TASK BRIEF: Look through the listing and locate every line containing the word "with"; copy those lines.
START EXTRACTED MATERIAL
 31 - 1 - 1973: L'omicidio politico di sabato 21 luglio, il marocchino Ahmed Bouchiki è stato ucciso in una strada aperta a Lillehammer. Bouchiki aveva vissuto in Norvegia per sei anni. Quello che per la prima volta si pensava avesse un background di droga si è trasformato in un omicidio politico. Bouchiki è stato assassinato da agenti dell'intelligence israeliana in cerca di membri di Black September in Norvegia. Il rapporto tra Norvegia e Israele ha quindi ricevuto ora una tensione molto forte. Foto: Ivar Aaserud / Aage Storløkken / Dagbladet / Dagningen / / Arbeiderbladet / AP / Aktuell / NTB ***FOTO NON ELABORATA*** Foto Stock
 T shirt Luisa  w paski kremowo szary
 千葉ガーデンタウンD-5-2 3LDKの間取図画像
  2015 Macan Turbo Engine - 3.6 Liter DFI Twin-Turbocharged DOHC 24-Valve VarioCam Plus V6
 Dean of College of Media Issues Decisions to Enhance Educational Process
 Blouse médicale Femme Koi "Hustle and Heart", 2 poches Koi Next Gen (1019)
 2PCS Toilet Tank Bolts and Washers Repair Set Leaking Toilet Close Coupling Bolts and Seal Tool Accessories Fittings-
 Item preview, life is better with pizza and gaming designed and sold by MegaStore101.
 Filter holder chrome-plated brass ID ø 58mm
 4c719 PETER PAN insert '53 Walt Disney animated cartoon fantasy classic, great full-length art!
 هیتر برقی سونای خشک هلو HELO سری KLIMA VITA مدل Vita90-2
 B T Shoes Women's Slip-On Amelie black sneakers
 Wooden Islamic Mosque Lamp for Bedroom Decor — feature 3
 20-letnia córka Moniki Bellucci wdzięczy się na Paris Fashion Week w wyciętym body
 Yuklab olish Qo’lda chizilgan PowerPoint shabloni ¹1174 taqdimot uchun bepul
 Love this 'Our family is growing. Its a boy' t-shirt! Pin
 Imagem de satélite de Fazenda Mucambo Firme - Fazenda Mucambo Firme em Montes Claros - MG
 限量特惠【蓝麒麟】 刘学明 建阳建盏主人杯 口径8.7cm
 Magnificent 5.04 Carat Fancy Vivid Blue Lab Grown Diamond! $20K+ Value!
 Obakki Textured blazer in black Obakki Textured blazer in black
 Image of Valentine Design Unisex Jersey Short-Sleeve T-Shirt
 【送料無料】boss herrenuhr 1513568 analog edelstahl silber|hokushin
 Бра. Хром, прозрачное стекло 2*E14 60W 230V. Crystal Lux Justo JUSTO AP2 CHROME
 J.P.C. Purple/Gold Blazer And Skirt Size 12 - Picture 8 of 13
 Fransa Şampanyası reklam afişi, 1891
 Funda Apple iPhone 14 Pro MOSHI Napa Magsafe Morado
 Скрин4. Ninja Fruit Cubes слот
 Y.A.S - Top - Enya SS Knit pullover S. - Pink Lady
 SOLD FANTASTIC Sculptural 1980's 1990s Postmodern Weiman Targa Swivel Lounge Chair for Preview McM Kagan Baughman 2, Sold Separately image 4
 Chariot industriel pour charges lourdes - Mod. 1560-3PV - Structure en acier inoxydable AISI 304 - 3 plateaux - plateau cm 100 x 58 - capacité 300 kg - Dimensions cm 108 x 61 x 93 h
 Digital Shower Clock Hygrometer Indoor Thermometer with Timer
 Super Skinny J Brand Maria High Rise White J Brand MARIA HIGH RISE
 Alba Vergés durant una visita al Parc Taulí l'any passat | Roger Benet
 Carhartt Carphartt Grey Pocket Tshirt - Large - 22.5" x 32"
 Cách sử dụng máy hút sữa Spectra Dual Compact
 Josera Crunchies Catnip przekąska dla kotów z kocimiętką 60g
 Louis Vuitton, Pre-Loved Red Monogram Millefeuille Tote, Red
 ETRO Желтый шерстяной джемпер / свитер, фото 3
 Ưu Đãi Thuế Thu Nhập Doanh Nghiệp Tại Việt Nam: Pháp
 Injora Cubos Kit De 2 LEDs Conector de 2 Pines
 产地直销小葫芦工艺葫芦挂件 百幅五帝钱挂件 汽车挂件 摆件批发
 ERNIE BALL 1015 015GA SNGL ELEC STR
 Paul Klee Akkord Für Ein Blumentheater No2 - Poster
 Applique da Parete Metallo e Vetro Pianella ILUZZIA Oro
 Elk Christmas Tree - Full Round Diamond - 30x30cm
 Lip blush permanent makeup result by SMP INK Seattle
END EXTRACTED MATERIAL
SOLVED PROBLEM:
 Item preview, life is better with pizza and gaming designed and sold by MegaStore101.
 Digital Shower Clock Hygrometer Indoor Thermometer with Timer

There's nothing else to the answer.